* **Data in this exercise**
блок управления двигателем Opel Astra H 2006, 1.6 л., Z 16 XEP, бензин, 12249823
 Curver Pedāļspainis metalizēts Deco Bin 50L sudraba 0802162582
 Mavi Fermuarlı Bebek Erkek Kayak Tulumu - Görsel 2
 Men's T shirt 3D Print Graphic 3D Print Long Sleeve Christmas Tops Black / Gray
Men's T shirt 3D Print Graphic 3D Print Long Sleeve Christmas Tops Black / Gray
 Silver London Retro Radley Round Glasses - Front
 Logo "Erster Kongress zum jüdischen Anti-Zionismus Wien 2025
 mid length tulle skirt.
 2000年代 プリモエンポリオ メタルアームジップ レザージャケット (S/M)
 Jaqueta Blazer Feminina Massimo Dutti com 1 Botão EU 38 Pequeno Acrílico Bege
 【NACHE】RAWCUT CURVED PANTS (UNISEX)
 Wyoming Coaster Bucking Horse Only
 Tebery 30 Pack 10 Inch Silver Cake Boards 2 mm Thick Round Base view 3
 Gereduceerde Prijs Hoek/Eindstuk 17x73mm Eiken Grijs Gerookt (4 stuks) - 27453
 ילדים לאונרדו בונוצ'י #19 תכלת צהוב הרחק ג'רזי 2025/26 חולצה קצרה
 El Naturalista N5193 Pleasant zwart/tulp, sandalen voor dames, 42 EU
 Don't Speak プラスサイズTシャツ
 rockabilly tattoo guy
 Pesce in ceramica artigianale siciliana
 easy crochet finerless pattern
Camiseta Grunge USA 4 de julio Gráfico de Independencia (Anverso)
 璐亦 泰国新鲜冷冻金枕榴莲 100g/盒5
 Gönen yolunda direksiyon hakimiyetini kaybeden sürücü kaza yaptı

* **What needs to be done**
Begin with the line that contains "ילדים לאונרדו בונוצ'י" and end with the last line of the material above. Set down that range exactly.

* **Written answer**
 ילדים לאונרדו בונוצ'י #19 תכלת צהוב הרחק ג'רזי 2025/26 חולצה קצרה
 El Naturalista N5193 Pleasant zwart/tulp, sandalen voor dames, 42 EU
 Don't Speak プラスサイズTシャツ
 rockabilly tattoo guy
 Pesce in ceramica artigianale siciliana
 easy crochet finerless pattern
Camiseta Grunge USA 4 de julio Gráfico de Independencia (Anverso)
 璐亦 泰国新鲜冷冻金枕榴莲 100g/盒5
 Gönen yolunda direksiyon hakimiyetini kaybeden sürücü kaza yaptı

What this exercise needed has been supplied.